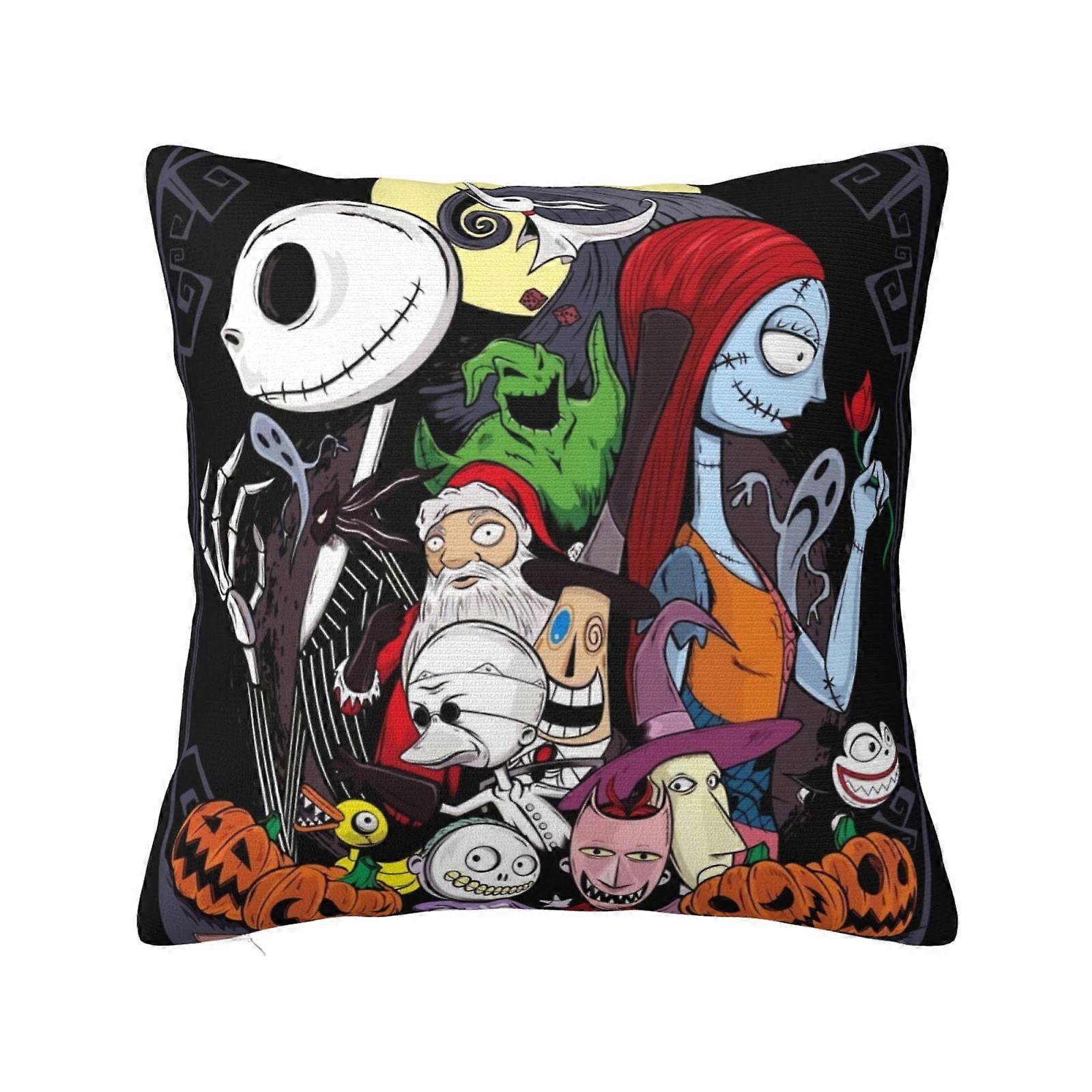 Nightmare Before Christmas Plush Pillow Cases, Square, Double-Sided, Soft Throw Covers for Bed, Sofa, Car, Bedroom Decor, White, No Insert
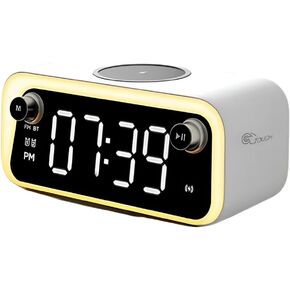 VICTORIA'S FLEUR Alarm Clock with USB Charger,Digital Clock,Wireless Charger for iPhone,Samsung Alarm Clocks for bedrooms Sliver White (Night Light)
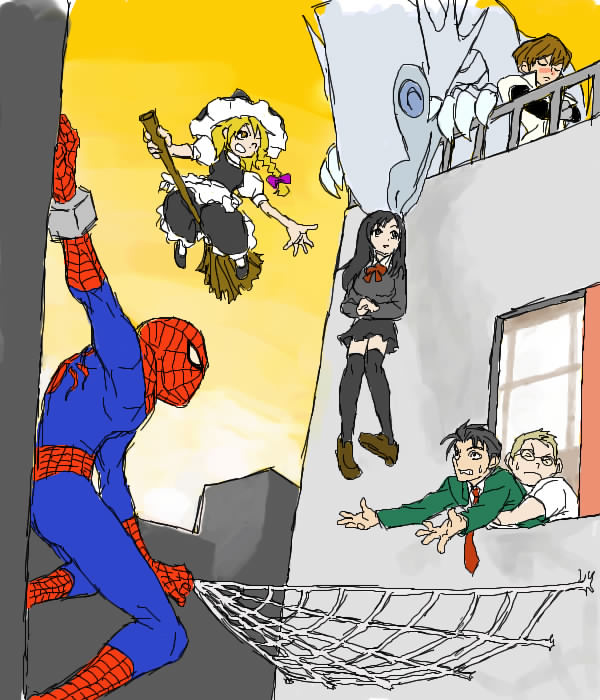 tetsu juuji, angry german kid, blue-eyes white dragon, blue eyes white dragon, kaiba seto, katsura kotonoha, kirisame marisa, spider-man, taniguchi (suzumiya haruhi), marvel, niconico rpg, school days, spider-man (series), suzumiya haruhi no yuuutsu, touhou, yu-gi-oh!, yu-gi-oh! duel monsters, > <, 00s, 2girls, 4boys, black hair, black thighhighs, blonde hair, blush, braid, broom, broom riding, brown hair, closed eyes, crossed arms, crossover, dress, duel monster, flying, hat, long hair, mouth hold, multiple boys, multiple crossover, multiple girls, necktie, one eye closed, ribbon, school uniform, silk, spider web, sunset, sweatdrop, thighhighs, what, window, wink, witch, witch hat, zettai ryouiki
━━━━━━━━━━
◆ **PROBLEM TO WORK ON**: Give exactly those lines of the listing that run from its first line through the line with "VICTORIA'S FLEUR Alarm", leaving each picture out.

◆ **RESULT FOR THIS TASK**:
 Nightmare Before Christmas Plush Pillow Cases, Square, Double-Sided, Soft Throw Covers for Bed, Sofa, Car, Bedroom Decor, White, No Insert
 VICTORIA'S FLEUR Alarm Clock with USB Charger,Digital Clock,Wireless Charger for iPhone,Samsung Alarm Clocks for bedrooms Sliver White (Night Light)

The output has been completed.